An exact copy is all that is wanted: the lines from the one with "Eladó ikerház, Balatonfüreden" through the end of the listing below, both included, minus any pictures.

Start of Block

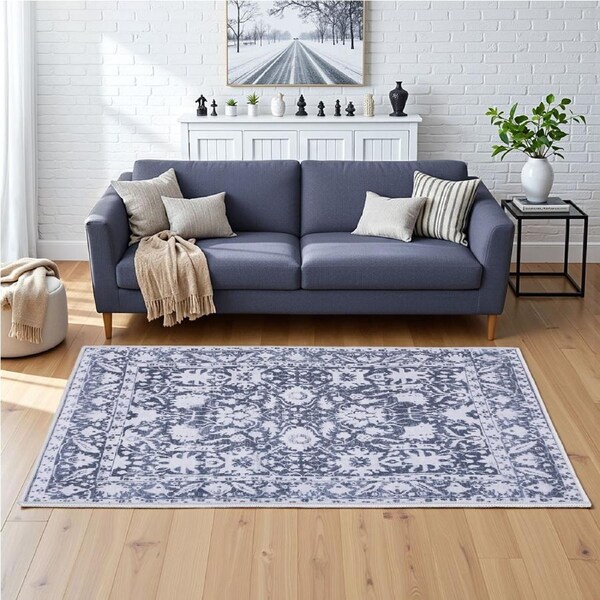 Artiss Floor Rug 120X170cm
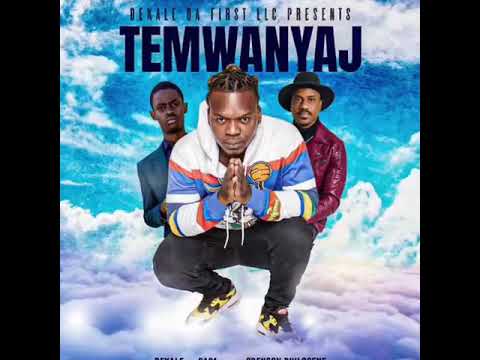 DEKALE DA FIRST feat. RAPA - "Temwanyaj"..hosted by OBENSON PHILOGENE!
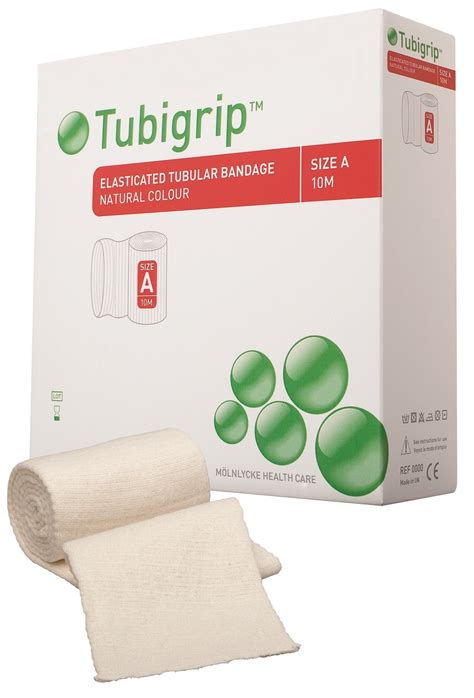 Tubigrip™ Tubular Bandage, Size G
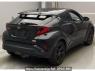 Used 2022 AT toyota c-hr NGX10 Image[1]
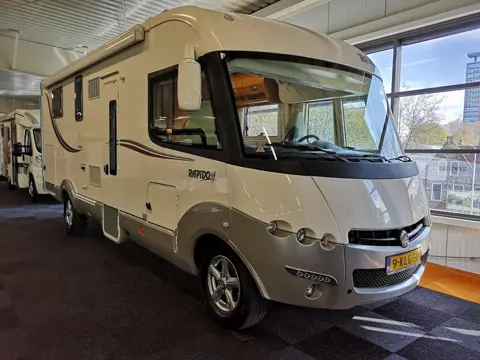 Rapido 9090 DF (2013)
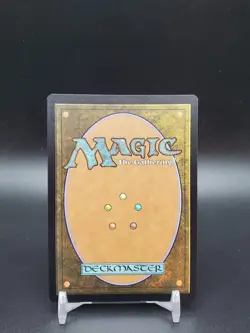 Howling Mine FOIL Schematic Retro Brother’s War NM MTG - Image 2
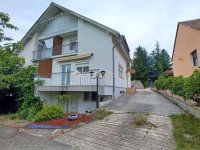 Eladó ikerház, Balatonfüreden 119.9 M Ft, 4 szobás
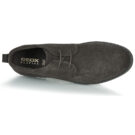 Geox  U BRANDLED B Stivaletti Uomo - 6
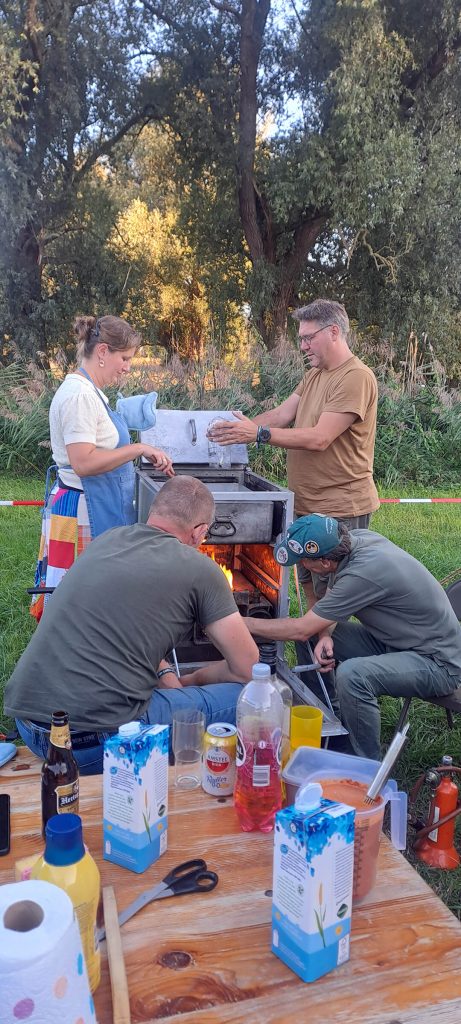 Legervoertuigen Son en Breugel 2025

End of Block

- _Written reply_
 Eladó ikerház, Balatonfüreden 119.9 M Ft, 4 szobás
 Geox  U BRANDLED B Stivaletti Uomo - 6
 Legervoertuigen Son en Breugel 2025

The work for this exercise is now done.